▸ Task item
Please write out all the data that follows exactly, without the pictures.

-- Supplied data follows --

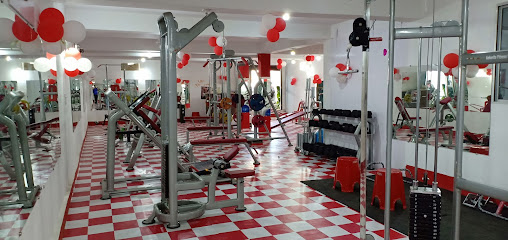 Photo 1 of The Buddha Gym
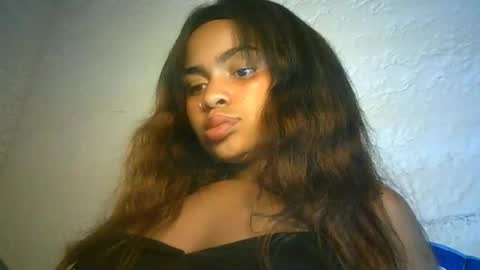 Bella online show from 22, 12, 2024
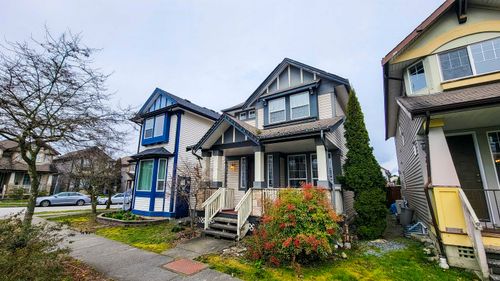 18455 67 Ave, Surrey, BC, V3S9A8 | Card Image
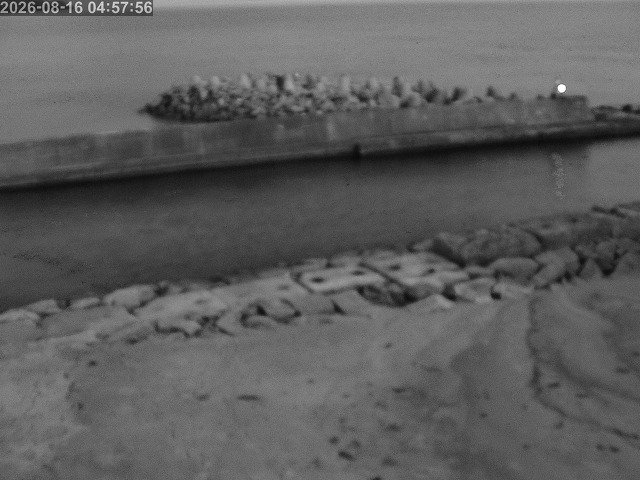 浜村川１2026/08/17 0:00:00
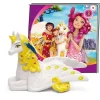 Tonies® Mia And Me – Das Goldene Einhorn / Onchao Und Das Paradies 8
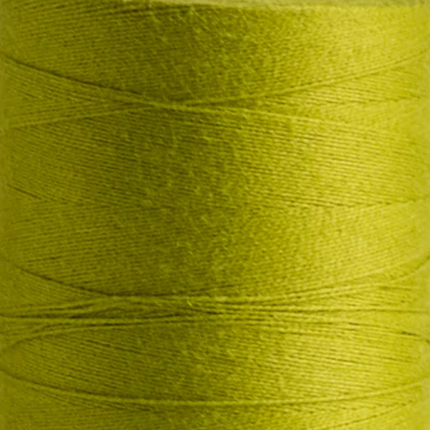 4/8 Cotton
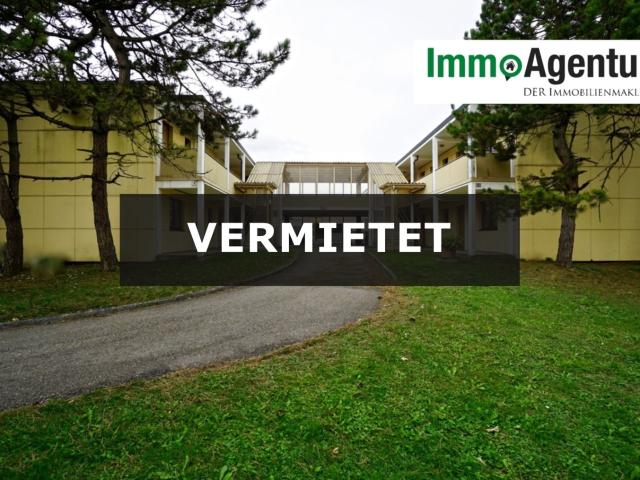 Etagenwohnung mieten in Feldkirch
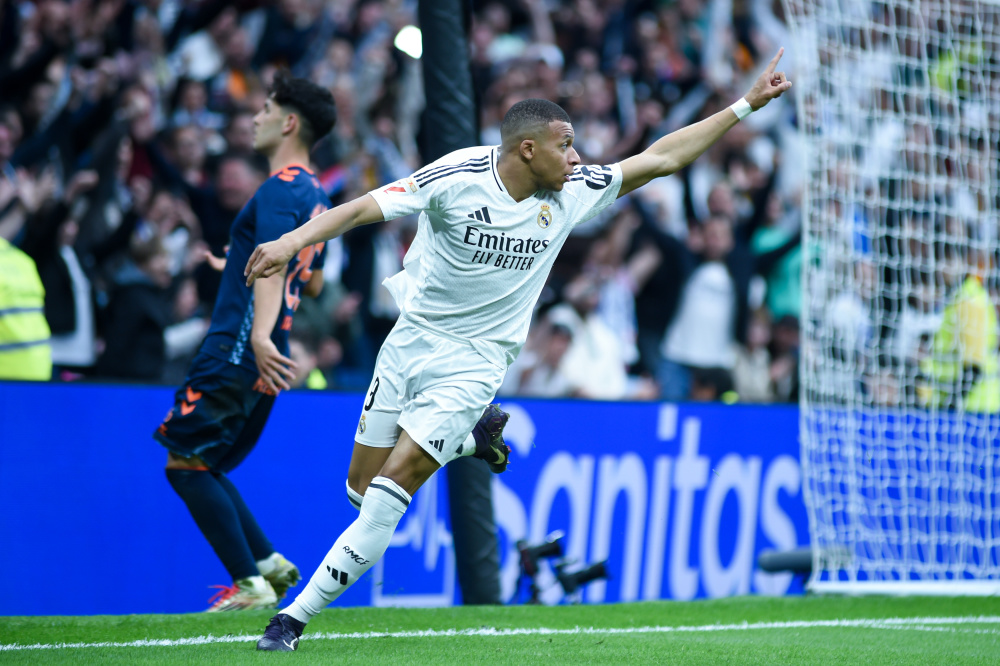 关键词如 关键词如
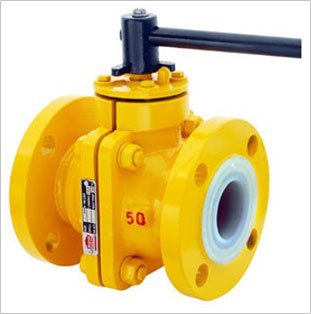 Ball Valves products, buy Ball Valves products 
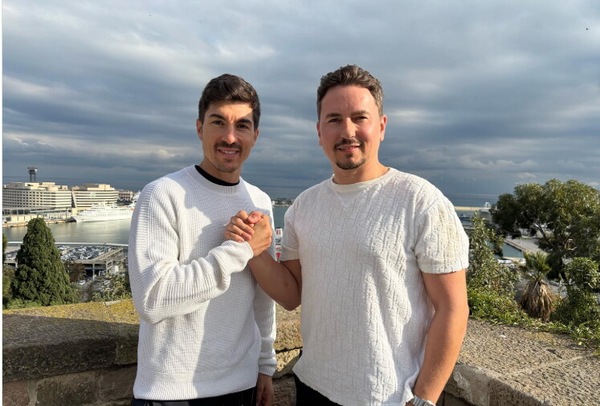 Jorge Lorenzo torna in MotoGP, ora c'è l'ufficialità: ma in che vesti?
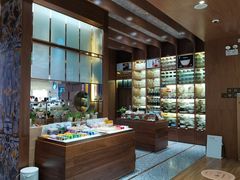 -代字行家居DZH HOME(长楹天街店)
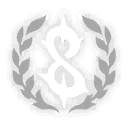 시의 「◦」, 서약의 「∞」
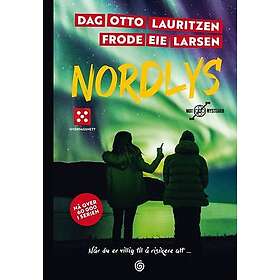 Nordlys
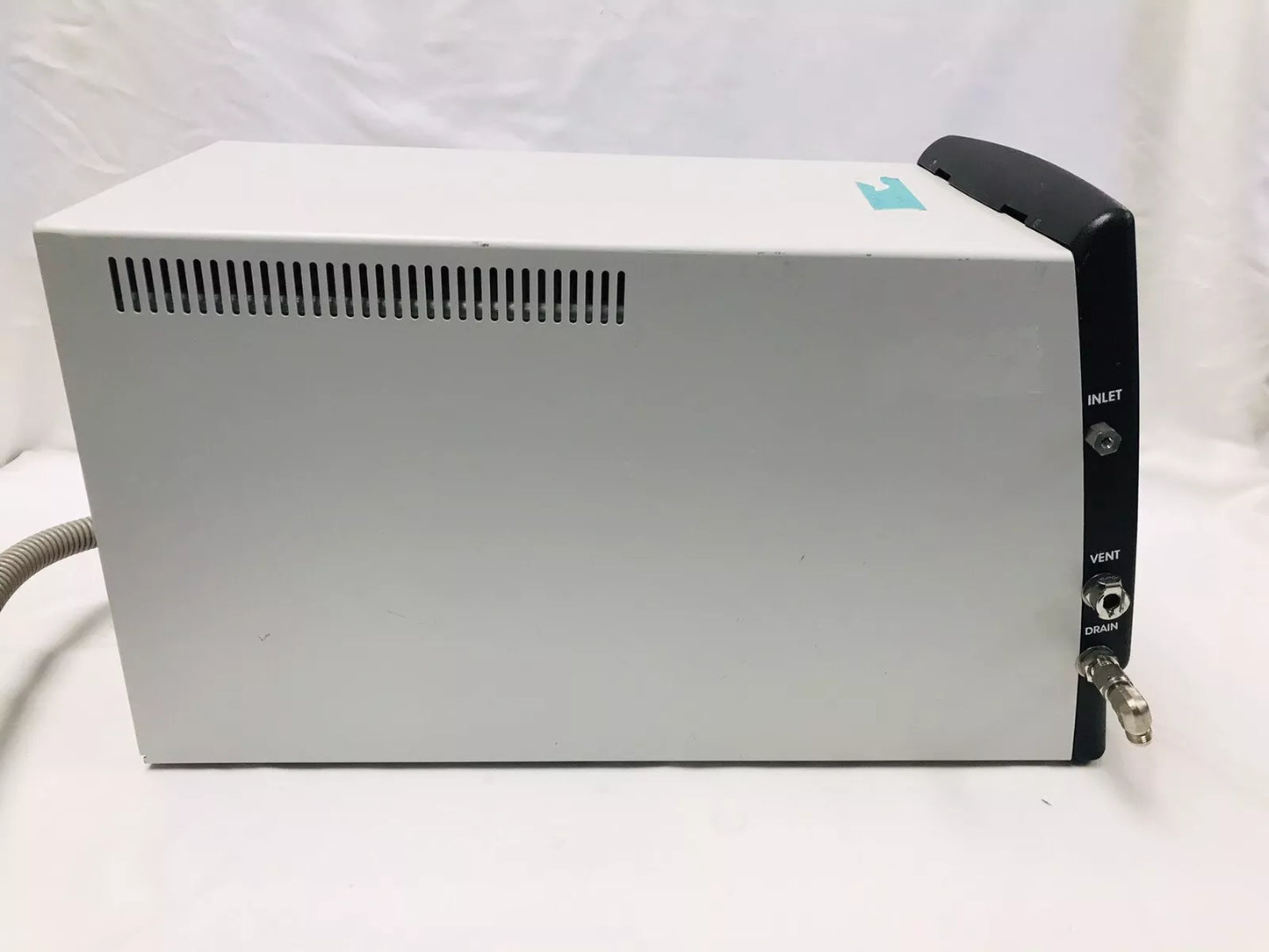 2013 Dionex Thermo Scientific Corona CAD Charged Aerosol Detector 70-9116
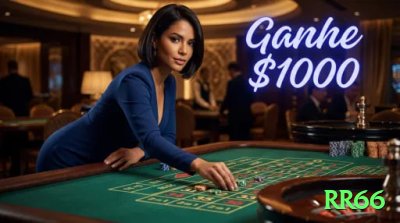 nnzz Gold Rewards Screenshot 2 - rr66 🔴⚫ Roleta App even money hedge: baixe + crédito extra — insurance zero + Martingale seguro! 🎡🛡️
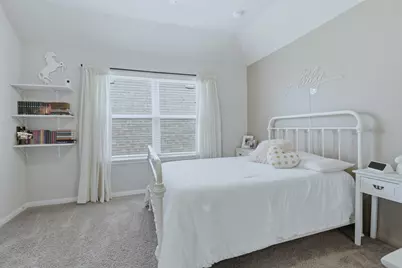 20826 Sherwood Pass Lane, Spring, TX 77379 - Photo 27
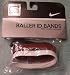 Jewelry : Nike Baller ID Bands - Lebron James - 3 Bands- White - LEBRON, Red - LJ 23; black - KING JAMES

-- Supplied data concluded --

▸ Solution to the exercise
 Photo 1 of The Buddha Gym
 Bella online show from 22, 12, 2024
 18455 67 Ave, Surrey, BC, V3S9A8 | Card Image
 浜村川１2026/08/17 0:00:00
 Tonies® Mia And Me – Das Goldene Einhorn / Onchao Und Das Paradies 8
 4/8 Cotton
 Etagenwohnung mieten in Feldkirch
 关键词如 关键词如
 Ball Valves products, buy Ball Valves products 
 Jorge Lorenzo torna in MotoGP, ora c'è l'ufficialità: ma in che vesti?
 -代字行家居DZH HOME(长楹天街店)
 시의 「◦」, 서약의 「∞」
 Nordlys
 2013 Dionex Thermo Scientific Corona CAD Charged Aerosol Detector 70-9116
 nnzz Gold Rewards Screenshot 2 - rr66 🔴⚫ Roleta App even money hedge: baixe + crédito extra — insurance zero + Martingale seguro! 🎡🛡️
 20826 Sherwood Pass Lane, Spring, TX 77379 - Photo 27
 Jewelry : Nike Baller ID Bands - Lebron James - 3 Bands- White - LEBRON, Red - LJ 23; black - KING JAMES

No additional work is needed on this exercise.